Say I have a two DataArrays, A
and B
, both with dimensions time, x, z. I want to sort all values of A
only in x and z. So that at each individual time I will have a DataArray with sorted values. Simultaneously, I also want to sort B
but based on the values of A
.
If I only had 1-D numpy arrays I could what I want following this answer:
>>> a = numpy.array([2, 3, 1])
>>> b = numpy.array([4, 6, 7])
>>> p = a.argsort()
>>> p
[2, 0, 1]
>>> a[p]
array([1, 2, 3])
>>> b[p]
array([7, 4, 6])
However, with DataArrays the problem is a bit more complicated. I can get something that works with the following code:
def zipsort_xarray(da_a, da_b, unsorted_dim="time"):
assert da_a.dims == da_b.dims, "Dimensions aren't the same"
for dim in da_a.dims:
assert np.allclose(da_a[dim], da_b[dim]), f"Coordinates of {dim} aren't the same"

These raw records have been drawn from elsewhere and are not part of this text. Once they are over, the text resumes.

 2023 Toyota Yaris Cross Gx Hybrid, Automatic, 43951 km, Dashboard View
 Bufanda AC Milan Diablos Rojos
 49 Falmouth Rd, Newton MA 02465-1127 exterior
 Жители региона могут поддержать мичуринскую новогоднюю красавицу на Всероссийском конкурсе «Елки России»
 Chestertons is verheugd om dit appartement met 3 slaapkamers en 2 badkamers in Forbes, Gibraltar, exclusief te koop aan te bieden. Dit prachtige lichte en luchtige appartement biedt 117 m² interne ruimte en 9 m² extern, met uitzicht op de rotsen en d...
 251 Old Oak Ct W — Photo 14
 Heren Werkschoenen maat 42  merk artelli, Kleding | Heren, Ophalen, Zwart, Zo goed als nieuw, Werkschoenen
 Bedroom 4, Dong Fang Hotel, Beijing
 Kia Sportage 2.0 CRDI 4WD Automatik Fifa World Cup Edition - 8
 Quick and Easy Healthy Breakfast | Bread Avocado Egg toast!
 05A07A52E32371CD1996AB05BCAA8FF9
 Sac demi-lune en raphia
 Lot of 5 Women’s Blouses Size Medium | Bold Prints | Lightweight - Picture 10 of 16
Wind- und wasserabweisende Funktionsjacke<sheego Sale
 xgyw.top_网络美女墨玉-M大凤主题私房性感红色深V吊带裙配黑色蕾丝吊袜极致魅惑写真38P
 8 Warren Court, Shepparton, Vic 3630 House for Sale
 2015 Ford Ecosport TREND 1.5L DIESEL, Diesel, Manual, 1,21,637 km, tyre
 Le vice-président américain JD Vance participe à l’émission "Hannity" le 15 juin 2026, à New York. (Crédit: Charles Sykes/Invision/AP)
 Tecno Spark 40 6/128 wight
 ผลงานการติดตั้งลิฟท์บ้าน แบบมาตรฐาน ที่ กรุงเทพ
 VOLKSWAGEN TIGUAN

sorted_dims = [ dim for dim in da_a.dims if dim != unsorted_dim ]
daa_aux = da_a.stack(aux_dim=sorted_dims) # stack all dims to be sorted into one
indices = np.argsort(daa_aux, axis=-1) # get indices that sort the last (stacked) dim
indices[unsorted_dim] = range(len(indices.time)) # turn unsorted_dim into a counter
flat_indices = np.concatenate(indices + indices.time*len(indices.aux_dim)) # Make indices appropriate for indexing a fully flattened version of the data array
daa_aux2 = da_a.stack(aux_dim2=da_a.dims) # get a fully flatten version of the data array
daa_aux2.values = daa_aux2.values[flat_indices] # apply the flattened indices to sort it
dab_aux2 = da_b.stack(aux_dim2=da_b.dims) # get a fully flatten version of the data array
dab_aux2.values = dab_aux2.values[flat_indices] # apply the same flattened indices to sort it
return daa_aux2.unstack(), dab_aux2.unstack() # return unflattened (unstacked) DataArrays
tsize=2
xsize=2
zsize=2
data1 = xr.DataArray(np.random.randn(tsize, xsize, zsize), dims=("time", "x", "z"),
coords=dict(time=range(tsize),
x=range(xsize),
z=range(zsize)))
data2 = xr.DataArray(np.random.randn(tsize, xsize, zsize), dims=("time", "x", "z"),
coords=dict(time=range(tsize),
x=range(xsize),
z=range(zsize)))
sort1, sort2 = zipsort_xarray(data1.transpose("time", "z", "x"), data2.transpose("time", "z", "x"))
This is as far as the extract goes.